San Mateo, Calif. - An interagency task force is urging the U.S. government to more than double its spending on supercomputers, asking White House policymakers for "hundreds of millions" in additional annual spending phased in over five years.
The plan from the High End Computing Revitalization Task Force, now in a draft form with the White House Office of Science and Technology Policy, is one of three government reports on supercomputing coming out this month. The National Academy of Sciences issued its interim report last week, and the so-called Jasons group of academic experts is finishing a report of its own.
Together, the trio of documents represents a growing consensus on the need to boost long-term R&D to define new supercomputing architectures at the petaflops level and beyond, paving the way for a host of strategic government and scientific applications.
Researchers also are calling for greater investment in new software-programming models as part of an emerging shift in how performance in high-end computers will be measured. In addition, a consensus is emerging that multiple supercomputing architectures, both commodity and custom, will coexist in the future.

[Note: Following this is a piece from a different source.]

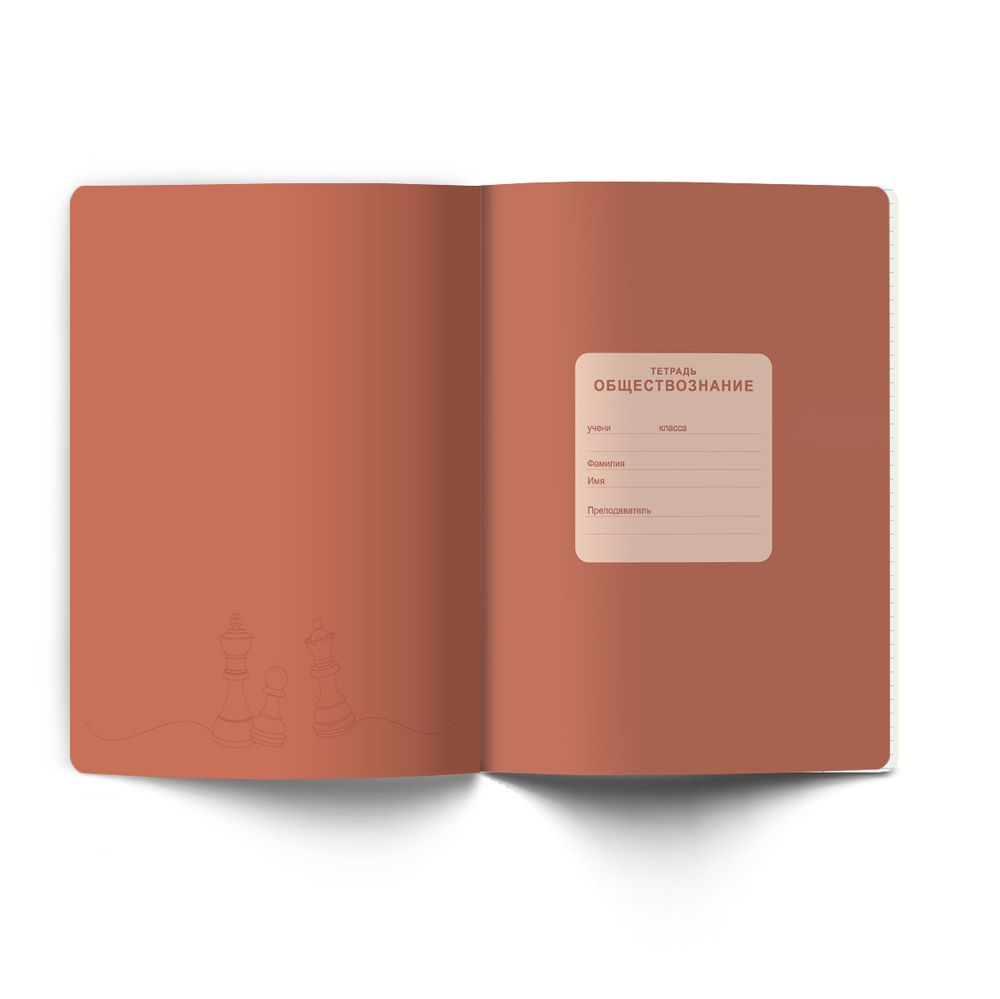 Тетрадь со справочным материалом Лёгким почерком, софт-тач ламинация, A5 48 л. на скобе 65 г/м², белизна 100% 10 шт, клетка, 01844 Лёгким почерком Обществознание, Светоч Т284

If the White House and Congress approve the task force's recommendations, backers hope the leap in funding will ignite commercial startups and attract more students into high-end scientific computing. "I hope there will be enough new spending to make it viable to launch some small companies that could make it big," said Alan Laub, a Department of Energy program director and a professor at the University of California, Davis, who co-chairs the task force. "We want to make sure the pipeline is full for scientists and engineers in this field."
The government spends an estimated $700 million a year in supercomputer research and equipment purchases as part of its overall $45 billion in science and technology budget, Laub said. "It's reasonable to request at least a doubling of the budget. Whether we get it remains to be seen."
"There's a growing sense that we've underinvested [in supercomputing] for a few years now. We've been coasting a long time on the government's early work," said Roy Schwitters, a professor of physics at the University of Texas who participated in drafting the recommendations of the Jasons group of academic advisers to the government. Their report is slated for release this month.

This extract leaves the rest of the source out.